Jean Masson, Leiter des Gen-Forschungszentrums in Colmar, das die jetzt bekannt gewordenen Versuche durchführen soll, erklärt, daß die Reben frühestens im August gepflanzt werden könnten. Dieses Mal habe das Institut bestimmten Einschränkungen zugestimmt, um die Ängste der VerbraucherInnen abzubauen. So sei beispielsweise nicht vorgesehen, die Gen-Pflanzen zur Produktion von Wein einzusetzen. Dennoch haben sich Winzer über einen mangelnden Dialog zwischen den Forschern und der Öffentlichkeit beschwert.
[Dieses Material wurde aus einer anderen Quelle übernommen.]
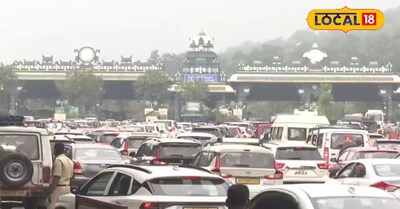 శ్రీవారి దర్శనంకి పొట్టేత్తిన భక్తులు..గరుడ సర్కిల్ వరకు బారులు తీసిన వాహనాలు..!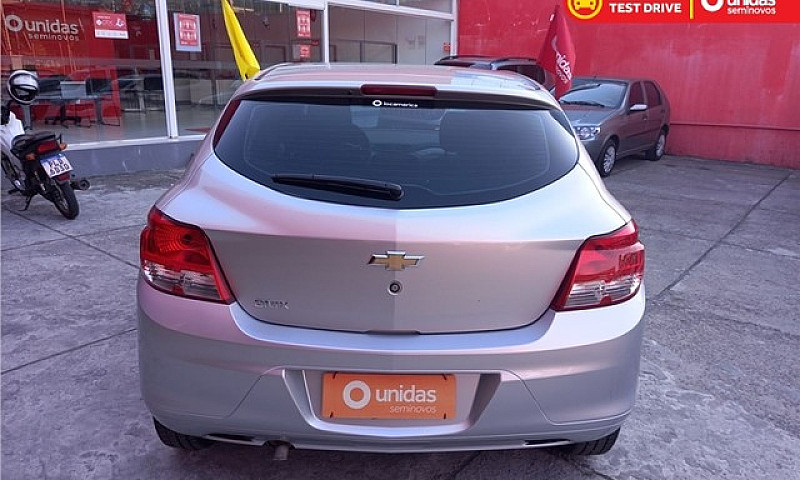 Chevrolet Onix 2018 ...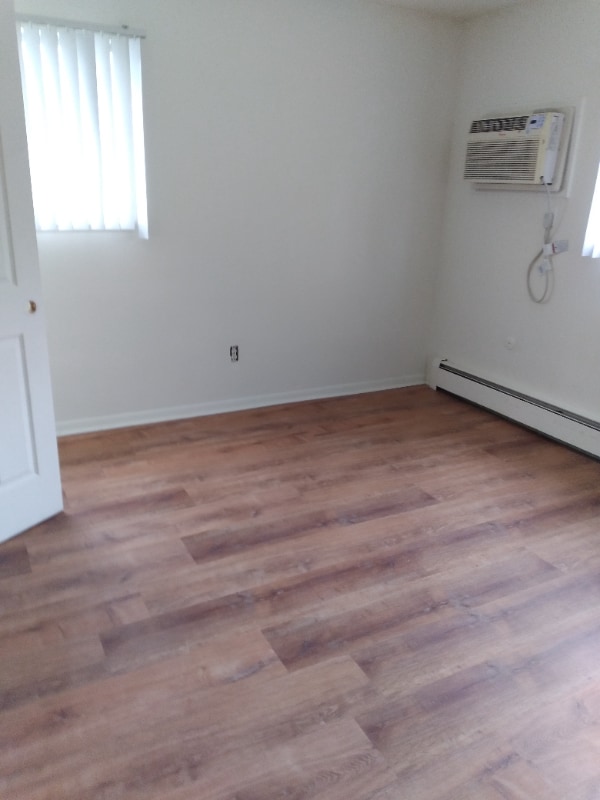 Foto del edificio - 2483 E Maple Rd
Frankreichs Winzer haben seit Jahren unter einer ständigen Abnahme ihrer Einkommen zu leiden, weil Supermarkt-Ketten ihre Gewinnspannen drücken, die Nachfrage rückläufig ist und Australische und US-amerikanische Weine an Popularität gewinnen. Außerdem habe ein schärferes polizeiliches Durchgreifen gegen Trunkenheit am Steuer den Inlandsabsatz sinken lassen.